Interestingly, messages that have been read but remain on
the Internet
provider's computer system have very little protection. Prosecutors
can typically gain access to an opened e-mail message with a simple
subpoena rather than a search warrant. Similarly, lawyers in civil
cases, including divorces, can subpoena opened e-mail messages.
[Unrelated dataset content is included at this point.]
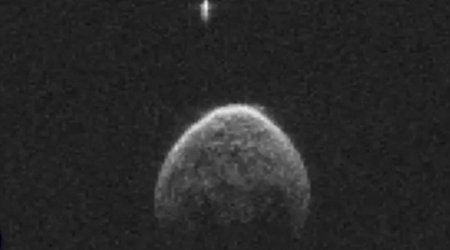 Is this a 230ft UFO orbiting an asteroid?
The case in Boston involved an online bookseller, now
called Alibris.
In 1998, the company offered e-mail accounts to book dealers and,
hoping to gain market advantage, secretly copied messages they
received from Amazon.com. In 1999, Alibris and one employee pleaded
guilty to criminal wiretapping charges.
But a supervisor, Bradford C. Councilman, fought the
charges, saying
he did not know about the scheme. He also moved to have the case
dismissed on the ground that the wiretapping law did not apply. He
argued that because the messages had been on the hard drive of
Alibris's computer while they were being processed for
delivery, they
counted as stored communication. The wiretap law bans a
company from
monitoring the communications of its customers, except in a
few cases.
But it does not ban a company from reading customers' stored
communications.
"Congress recognized that any time you store communication,
there is
an inherent loss of privacy," said Mr. Councilman's lawyer, Andrew
Good of Good & Cormier in Boston.
In 2003, a federal district court in Boston agreed with Mr.
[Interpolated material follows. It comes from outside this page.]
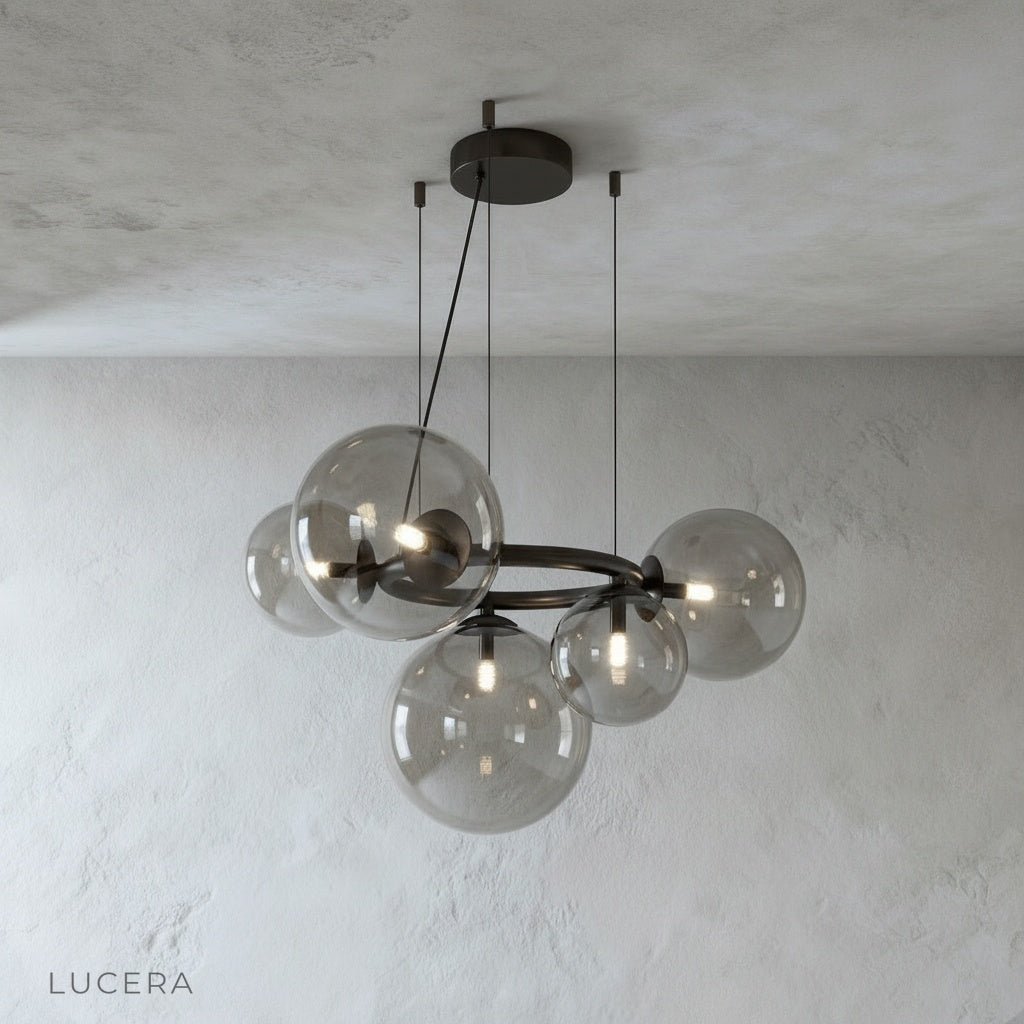 Grenache chandelier studio view showing circular metal frame and glass globes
Councilman's interpretation of the wiretap law and
dismissed the case.
Last week, the First Circuit Court of Appeals, in a 2-to-1
decision,
affirmed that decision.
Because most major Internet providers have explicit
policies against
reading their customers' e-mail messages, the ruling would seem to
have little effect on most people.
But this year Google is testing a service called Gmail, which
electronically scans the content of the e-mail messages its
customers
receive and then displays related ads. Privacy groups have
argued that
the service is intrusive, and some have claimed it violates wiretap
laws. The Councilman decision, if it stands, could undercut that
argument.
Federal prosecutors, who often argue that wiretap
restrictions do not
apply in government investigations, were in the somewhat surprising
position of arguing that those same laws should apply to Mr.
Councilman's conduct. A spokesman for the United States attorney's
office in Boston said the department had not decided whether to
appeal.
Mr. Baker said that another federal appeals court ruling, in San
Francisco, is already making it hard for prosecutors to retrieve
e-mail that has been read and remains on an Internet provider's
system.
In that case, Theofel v. Farey-Jones, a small Internet provider
responded to a subpoena by giving a lawyer copies of 339 e-mail
messages received by two of its customers.
The customers claimed the subpoena was so broad it violated the
wiretap and stored communication laws. A district court agreed the
subpoenas were too broad, but ruled they were within the law. The
plaintiffs appealed, and the Justice Department filed a
friend of the
court brief arguing that the Stored Communications Act should not
apply.
In February, the appeals court ruled that e-mail stored on the
computer server of an Internet provider is indeed covered by the
Stored Communications Act, even after it has been read. The court
noted that the act refers both to messages before they are
delivered
and to backup copies kept by the Internet provider. "An obvious
purpose for storing a message on an I.S.P.'s server after
delivery,"
the court wrote, " is to provide a second copy of the
message in the
event that the user needs to download it again - if, for
example, the
message is accidentally erased from the user's own computer."
Calling e-mail "stored communication" does not necessarily reduce
privacy protections for most e-mail users. While the
Councilman ruling
would limit the applicability of wiretap laws to e-mail, it
appears to
apply to a very small number of potential cases. The
Theofel decision,
by contrast, by defining more e-mail as "stored communications," is
restricting access to e-mail in a wide range of cases in the Ninth
Circuit, and could have a far greater effect on privacy if
courts in
the rest of the country follow that ruling.